What to work on: Every line of the data below must be output exactly, with images left out.

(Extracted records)
☆ ☆ ☆

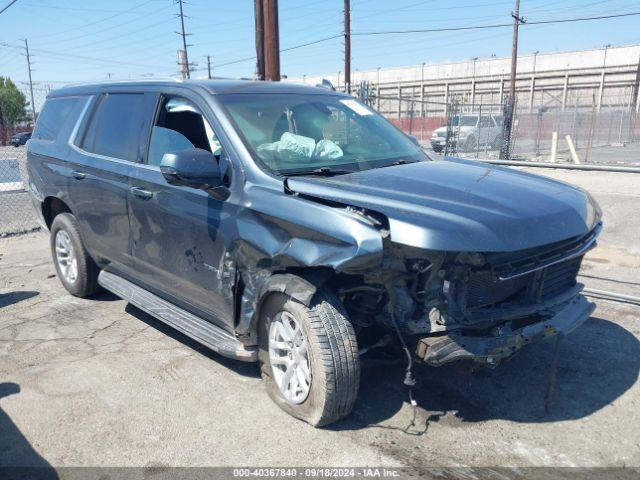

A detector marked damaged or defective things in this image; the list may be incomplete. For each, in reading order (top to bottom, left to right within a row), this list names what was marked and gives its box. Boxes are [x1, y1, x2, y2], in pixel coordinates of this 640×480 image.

crumpled hood [288, 159, 604, 253]
damaged suv [27, 79, 604, 428]
damaged front bumper [416, 292, 596, 368]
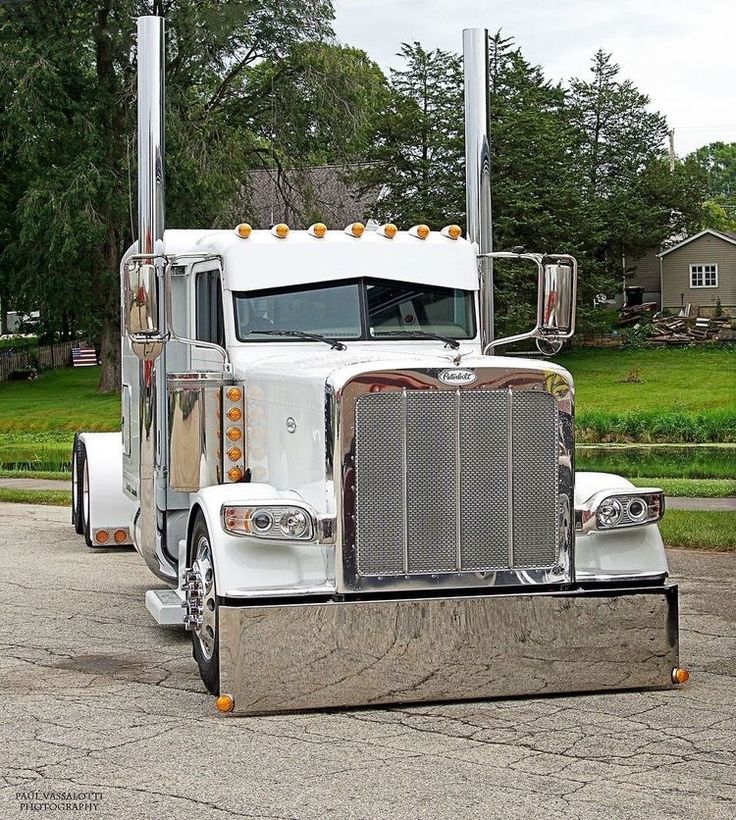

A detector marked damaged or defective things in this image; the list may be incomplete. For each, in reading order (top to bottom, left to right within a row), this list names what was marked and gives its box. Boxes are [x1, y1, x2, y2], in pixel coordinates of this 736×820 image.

cracked asphalt [0, 500, 732, 820]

☆ ☆ ☆

Result of the task:
A detector marked damaged or defective things in this image; the list may be incomplete. For each, in reading order (top to bottom, left to right within a row), this list names what was marked and gives its box. Boxes are [x1, y1, x2, y2], in pixel coordinates of this 640×480 image.

crumpled hood [288, 159, 604, 253]
damaged suv [27, 79, 604, 428]
damaged front bumper [416, 292, 596, 368]

A detector marked damaged or defective things in this image; the list may be incomplete. For each, in reading order (top to bottom, left to right within a row), this list names what was marked and gives its box. Boxes are [x1, y1, x2, y2], in pixel coordinates of this 736×820 image.

cracked asphalt [0, 500, 732, 820]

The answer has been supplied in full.